FISH analysis was performed on cytospin preparations according to the procedure published earlier.21

Results and discussion

Primary CMML cells of patient 1 contain an acquired G-CSFR mutation and wild-type mRNA was not detectable

Sequence analysis of cDNA prepared from patient's neutrophils and MNCs obtained at the diagnosis of CMML revealed a nonsense G-CSFR mutation (C2390T) that resulted in loss of 95 carboxy-terminal amino acids of the receptor (Figure 1a). The mutation was confirmed by sequencing genomic DNA extracted from the same MNCs. Analysis of DNA samples from the parents and from a bone marrow specimen obtained when the patient was 2 years old revealed the normal sequence, proving that the mutation was acquired and somatic. Three patients diagnosed with de novo CMML showed the normal G-CSFR sequence, which confirms previous findings that G-CSFR mutations are correlated with malignant transformation of CN but not with primary myeloid malignancies. Surprisingly, and in contrast to other reports of G-CSFR mutations in CN, no normal G-CSFR mRNA was detectable in the patient's MNCs (0/52 clones) and neutrophils (0/28 clones). However, 12 of 42 clones amplified from DNA extracted from these MNCs contained the normal G-CSFR sequence, whereas 30 showed the mutant sequence.

Figure 1

G-CSF receptor mutation and expression of a truncated G-CSF receptor in patient 1. (a) The cartoon depicts the results of G-CSFR mRNA analysis and the postulated effect on the G-CSFR protein. The analyzed PCR product with the adjacent primers is depicted above the 3′-terminus of G-CSFR mRNA derived from exons 14–17. The C2390T mutation leads to an exchange of glutamine into a stop codon and a truncated protein of 718 amino acids (aa), compared to 813 aa in the normal protein. The gray boxes in the intracytoplasmatic domain represent boxes 1–3. Examples of PCR products used for cloning and sequence analysis are shown in (b–d). (b) PCR product from PB-MNCs derived DNA from patient 1 at time point CMML. (c) cDNA generated from PB-MNC RNA at time point CMML from patient 1 and controls. (d) DNA from PB-MNCs cultured for 14 days with 50 ng/ml G-CSF (see text). −: negative control; M: molecular weight marker. The marker shown in (b–d) represent fragments of 653, 517, 453, 394, 298, and 234 bp. (e–g) Protein analysis: comparison of wild-type receptor (813 aa) with a construct encoding a truncated protein (737 aa) and the truncated G-CSFR of patient 1 as postulated from the molecular analysis. (e) Lysates from neutrophil granulocytes (wt) and from LGM-1 cells stably transfected with constructs leading to G-CSFR molecules of the indicated length were immunoprecipitated and detected with a monoclonal anti-G-CSFR antibody. (f) Comparison of G-CSFR from MNCs of patient 1 with the construct S737 (immunoprecipitation and Western blot detection as in (b). (g) Flow cytometric detection of the surface expression of the G-CSFR on CMML cells. dotted line: isotype control; solid line: anti-CD114.

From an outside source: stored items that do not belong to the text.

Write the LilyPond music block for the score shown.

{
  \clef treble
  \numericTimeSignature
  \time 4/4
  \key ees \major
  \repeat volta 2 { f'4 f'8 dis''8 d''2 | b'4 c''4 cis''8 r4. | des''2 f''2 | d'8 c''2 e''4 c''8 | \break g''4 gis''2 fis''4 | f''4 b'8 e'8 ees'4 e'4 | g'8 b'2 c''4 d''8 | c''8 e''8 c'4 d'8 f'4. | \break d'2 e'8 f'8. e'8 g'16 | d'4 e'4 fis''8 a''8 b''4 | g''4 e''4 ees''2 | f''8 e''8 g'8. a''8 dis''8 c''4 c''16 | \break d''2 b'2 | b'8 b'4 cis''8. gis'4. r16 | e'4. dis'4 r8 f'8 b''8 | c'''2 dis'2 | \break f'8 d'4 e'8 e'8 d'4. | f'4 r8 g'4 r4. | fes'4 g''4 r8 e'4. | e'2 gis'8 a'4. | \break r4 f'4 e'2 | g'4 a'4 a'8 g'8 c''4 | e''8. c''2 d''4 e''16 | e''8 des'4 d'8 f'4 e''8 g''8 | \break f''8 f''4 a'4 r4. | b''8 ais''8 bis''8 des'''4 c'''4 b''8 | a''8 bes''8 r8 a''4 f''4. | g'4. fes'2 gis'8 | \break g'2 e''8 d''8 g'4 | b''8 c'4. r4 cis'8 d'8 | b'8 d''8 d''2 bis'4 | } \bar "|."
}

From these results, we could not decide whether the detection of exclusive expression of mutated G-CSFR mRNA was due to a preferential expression of a heterozygously mutated allele or due to a loss of the normal G-CSFR allele in the leukemic clone.

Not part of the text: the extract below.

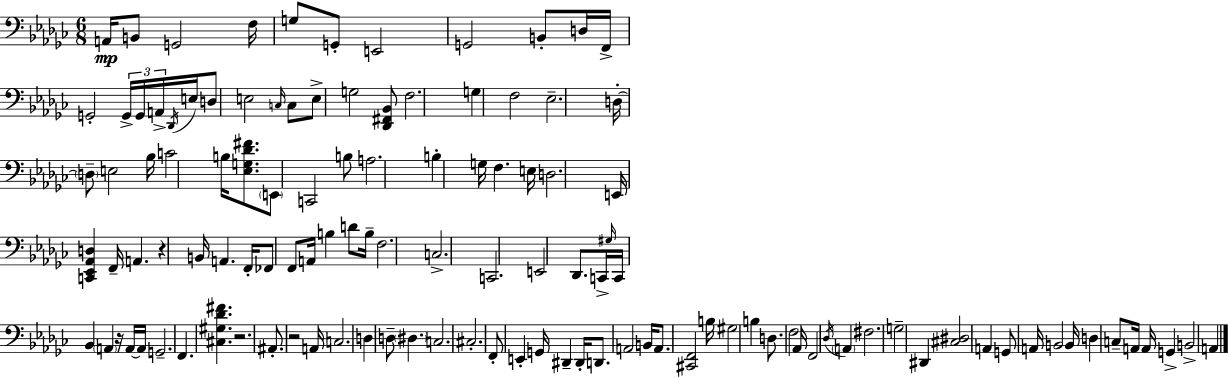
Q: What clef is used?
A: bass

Acquired mutations in the G-CSFR gene have been reported in a subset of patients with CN progressing to acute leukemia or MDS, suggesting a contribution of these mutations to leukemogenesis.9, 12 An important aspect of the current case is that our patient acquired a G-CSFR mutation that achieved clonal dominance in the absence of any treatment with rh-G-CSF. The G-CSFR mutations detected in patients are predicted to lead to the expression of a truncated receptor lacking the carboxy-terminus of the intracellular domain that is critical for maturation and growth arrest signaling. The C2390T mutation is not specifically associated with CMML, since it has been found in other CN patients who evolved to acute myeloid and acute lymphoid leukemia.10, 22 In contrast to previously described cases, we found a virtually exclusive expression of the mutated allele. To date, no data exist on the importance of the balance between normal and mutant G-CSFR mRNA and receptor proteins, respectively. Studies using the murine myeloid 32D cell line engineered to coexpress normal and mutant G-CSFR proteins suggest a dominant effect of the mutant protein.12 Coexpression of normal and mutant G-CSFR forms in myeloid cell lines interfered with terminal maturation induced by the normal receptor and led to hyperproliferative responses to G-CSF.8, 12, 23 Mice that are heterozygous for a mutant ‘knock-in’ allele of the murine G-CSFR are also hyper-responsive to rh-G-CSF in vivo.14 However, these results do not preclude the possibility that a subclone that has acquired a G-CSFR mutation might gain an additional proliferative advantage by inactivating the normal allele. For example, cell lines that express oncogenic RAS tend to amplify the mutant allele,24 and recent data in a murine lung cancer model characterized by alkylator-induced KRAS2 point mutations have shown that absence of the wild-type KRAS2 allele dramatically accelerates the disease phenotype.25 Recently, a patient with juvenile myelomonocytic leukemia was reported with both an oncogenic mutation in the PTPN11 gene and loss of the normal allele.26 Monoallelic expression of a de novo mutated gene has been described earlier,27 and seems to be a common feature for the expression of the tumor suppressor gene p73 in de novo AML.28 Our data are compatible with either somatic deletion of the normal G-CSFR allele in a subset of circulating CMML MNCs or with epigenetic inactivation of the normal allele.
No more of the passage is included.